En 2014, l’un des décrets finaux du code forestier de 2002 de la République démocratique du Congo (RDC) a été signé par le Premier Ministre Augustin Matata Ponyo. Après plus de dix ans de plaidoyer et de révision, le décret n° 14/018 du 2 août 2014 fixant les modalités d’attribution des concessions forestières aux communautés locales (CFCL) représente une avancée majeure dans la reconnaissance des droits coutumiers de propriété en RDC. Des communautés ont obtenu la reconnaissance de leurs droits coutumiers de propriété sur des concessions forestières représentant 50 000 hectares. Le décret est considéré comme l’une des plus grandes victoires pour le secteur forestier de la RDC et, en raison de lacunes dans le droit foncier actuel de la RDC, il reste le seul mécanisme pour les communautés locales et les peuples autochtones de préserver la tenure forestière communautaire.

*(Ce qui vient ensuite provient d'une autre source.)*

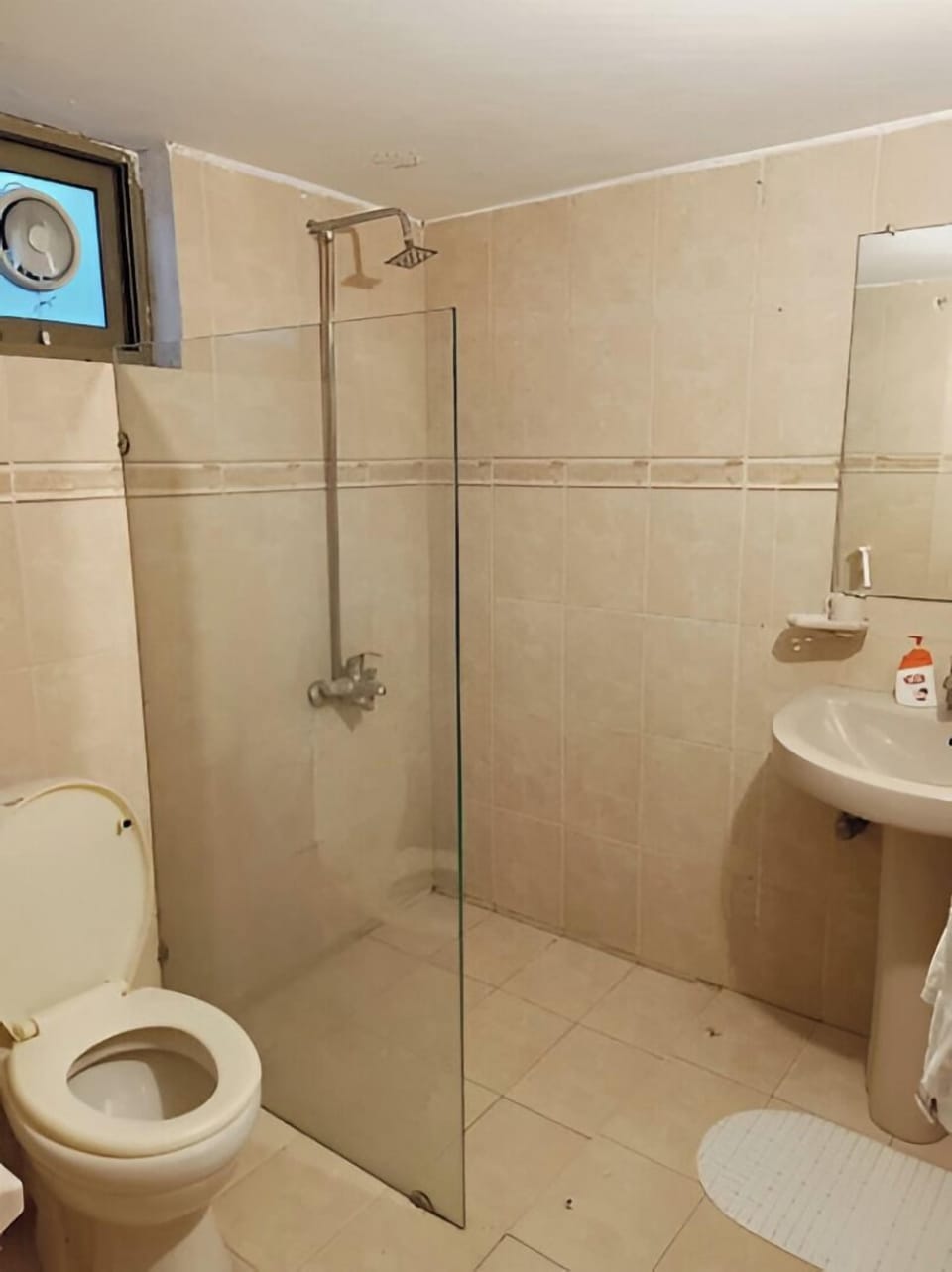 Bathtub, towels, soap, toilet paper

Or, malheureusement, cette perspective favorable a changé depuis que circule une lettre du ministre de l’Environnement et du Développement durable du pays. Dans sa lettre n° 1687/CAB/MIN/EDD/28/BLN/15 en date du 13 avril 2014, le ministre, Son Excellence Liyota Ndjoli, débat du projet pilote de forêt communautaire en RDC avec le coordinateur du Fonds forestier du bassin du Congo à la Banque Africaine de Développement. Il écrit que « pour des raisons légales, environnementales et économiques, la forêt communautaire doit également être structurée autour d’entités ou collectivités territoriales décentralisées plutôt que de communautés, lesquelles sont définies par leur lien au clan ou à la famille ».

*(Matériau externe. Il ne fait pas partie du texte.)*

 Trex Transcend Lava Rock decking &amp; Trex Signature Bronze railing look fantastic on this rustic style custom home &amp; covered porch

Ce changement de politique menace l’avenir de la forêt communautaire car il confère la gestion forestière aux autorités locales, dont les intérêts pourraient s’aligner sur les profits associés aux ressources forestières plutôt que sur la protection des dites ressources et des populations locales qui en dépendent. Cette réinterprétation drastique de la forêt communautaire marque un recul des droits des communautés locales et des peuples autochtones de la RDC.

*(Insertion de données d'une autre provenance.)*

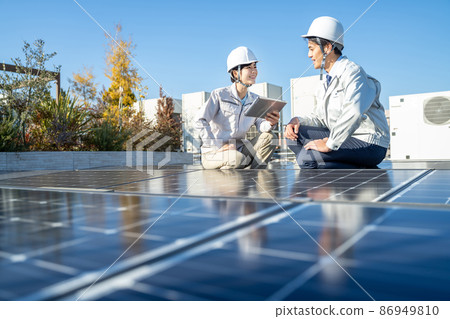 Businessmen and female workers checking solar panels 86949810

En juin 2015, au cours d’un atelier national sur la forêt communautaire, les organisations de la société civile de la RDC ont publié une déclaration exprimant leur réponse collective au ministre de l’Environnement et du Développement durable. Cette déclaration expose les principales critiques émises à l’encontre de la vision du ministre pour la forêt communautaire, affirmant qu’une base légale fait défaut à ce changement de politique, qu’il viole tant la Constitution de 2006 que le code forestier de 2002, qu’il contredit la définition juridique des CFCL et la vision du gouvernement sur le secteur forestier et qu’il met en péril le soutien des donateurs de la forêt communautaire en RDC. Avec plus de 50 signataires, dont des représentants de la plate-forme nationale de la société civile de tenure (CACO), cette vigoureuse réponse de la société civile met en lumière la menace implicite d’un recul des droits des communautés locales et des peuples autochtones sur les forêts de la RDC.